Aderyn had fallen for him again.

She had ended up killed by a mage, ripped from Fenix to reincarnate somewhere far from him with her memories missing.

The lights suddenly dropped, blanketing everything in darkness.

Fenix tensed and immediately went on high alert, cocked his head and listened as the occupants of the cells around him grew restless and wary, all of them as on edge as he was.

“What is happening?” the fae across the corridor asked.

“Don’t know.” Fenix listened harder as a siren wailed, trying to hear over the infernal shrieking sound, and flinched as a red flashing light punched back the darkness.

Revealing glimpses of the black-haired male across from him.

The fae covered his ears with his hands and glared at the ceiling, the red lights that chased over him catching on his silver irises and making them look crimson.

Fenix arched an eyebrow as he covered his own ears to protect his sensitive hearing.

Or perhaps his eyes were now crimson.

He moved closer to the glass of his cell, narrowing the gap between him and the fae, curious as to what the male was. His irises weren’t entirely crimson. They were jagged silver in the centres around his now-elliptical pupils.

The fae bared his teeth at the wailing siren.

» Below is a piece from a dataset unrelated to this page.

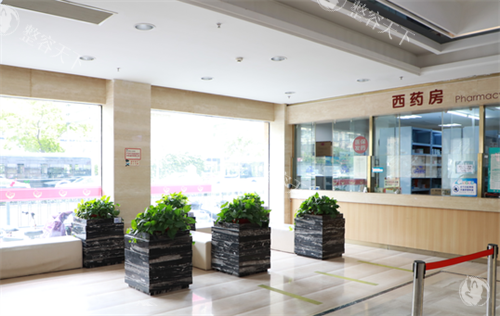 上海健桥疤痕科口碑如何？近期患者评价整理，附预约方式、收费详情及机构资质说明！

Or more accurately, bared fangs.

A whole set of them. His canines were the longest, but the incisors next to them were sharper and longer too.

Not a vampire. Not an elf. This male was something else. Something Fenix had never seen before.

His skin paled, the tips of his ears growing pointed, and his lips darkened towards black.

In the flickering crimson light, inky markings curled around his biceps to sweep around his shoulders and trace the line of his pectorals from his armpits around the square slabs of them and up to his collarbones where they curved around and faded into a point. These markings weren’t the fae tongue people spoke these days, the language of Fenix’s own markings.

This male’s markings were ancient fae. A dialect lost in time.

Although Fenix would bet his left nut that the male spoke that tongue too.

Fenix had seen it once, in a tome owned by a witch in the fae town near where he lived. Abigail treasured that book as if it was special, even though she couldn’t read the damned thing. He shook his head. She would love to get her hands on this male and convince him to translate it for her.

The male slid him a look, his voice a black snarl. “I want out.”

Fenix bet he did.

He didn’t only want out either. He wanted out and he wanted to rip into every hunter who came to an abrupt halt to cast a fearful glance at him before hurrying off to wherever they were heading.

The fae pressed his ghost-white palms to the glass. The top thirds of each finger were as black as night and the lower parts were marked with another line of inky symbols that tracked downwards to the edge of his palm.

Son of a bitch had black nails that were an inch long and as sharp as claws too.

“We must leave this place.”

Fenix wanted to ask whether the male was talking about we as in Fenix and him leaving together, or whether he was talking about the nice friendly guy he had been a few minutes ago and this darker version of himself.

He kept his mouth shut though.

Mostly because the alarm fell silent.

“What is happening now?” the fae growled, flashing those killer teeth of his.